FATHER ESCAPED, ALTHOUGH
PURSUSED BY A MOB.

Mysterious Case, in Which the Prin-
cipals, After Causing a Grand
Furor, All Dropped
Out of Sight.

To kidnap a baby from the arms of its mother on a public street at high noon, run several blocks pursued by 250 people and the frantic mother and to finally make good his escape through a basement on West Fifth street, was the record made by a father yesterday.

A woman was walking on Sixth street near Central at noon yesterday, carrying her baby. As she neared the corner a man appeared, grabbed the child from its mother's arms and ran north on Central street -- the baby under his coat. At Fifth street he turned west as far as the Coca-Cola Bottling Company, 302 West Fifth street. In the door he darted, slamming it after him. The kidnaping caused great excitement and the man with the baby was pursued by a mob which jammed about the door.

The woman from whom the baby had been snatched was a blonde, tall and wore a brown cloak and a small hat with a white veil. As she ran she cried to the pursuers, "Stop him! He's my husband and has got my child and will kill it. I know he sill. Stop him!"

An elderly woman dressed in black appeared on the scene, from where no one seemed to know, and overtook the fleeing mother. Several times she tried to detain her, but when frantic efforts failed, the woman in black grabbed a small hand satchel from the other woman and gave up the chase.

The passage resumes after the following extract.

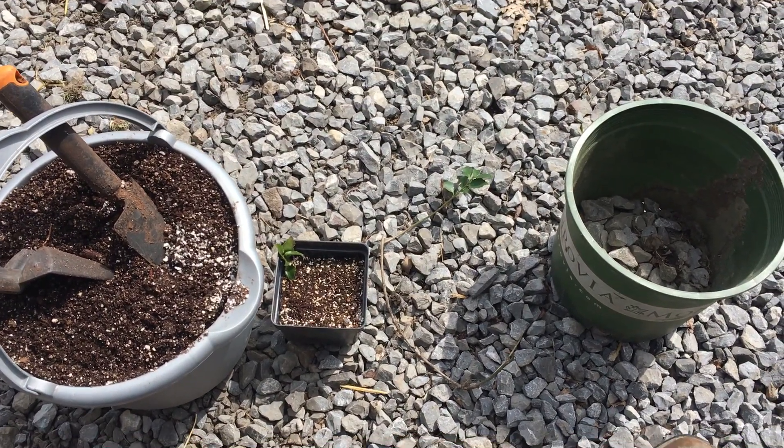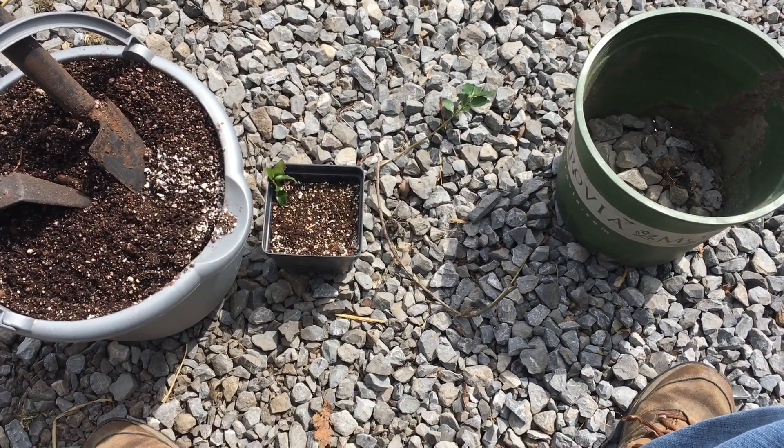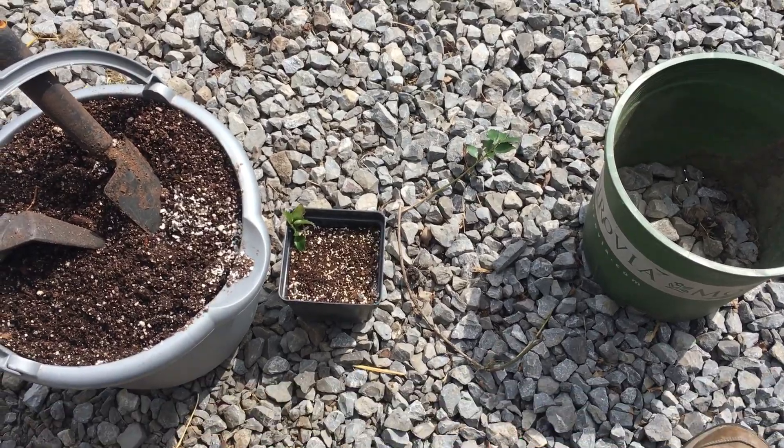Hi, this is Kelly and today I am gonna play Cupid with this blue girl holly. This was a little sucker that I found growing off of my bigger blue girl holly, and this little blue boy holly was also a sucker that I had planted earlier this year.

Charles E. McVey, desk sergeant at police headquarters, was passing and saw the crowd. The woman in brown appealed to him to get her baby which was being stolen, saying again that it would be killed. McVey ran into the bottling works and took a freight elevator to the top floor, having been told that the man with the baby had gone that way. When he descended, however, he was informed that the man had left by the basement door in the rear.

J. B. Jewell, manager of the bottling works, said: "The man who went through here with the baby in his arms was Loren Gaulter, who formerly worked here. The woman who pursued him was his wife. They have been married about two years and the baby is probably 6 months old. They last lived in Independence, Mo., but I never knew of their having had any family troubles."

Until five days ago, Gaulter was employed in the mail department at the Union depot as a truck handler. At that time he quit suddenly and what became of him no one there knew.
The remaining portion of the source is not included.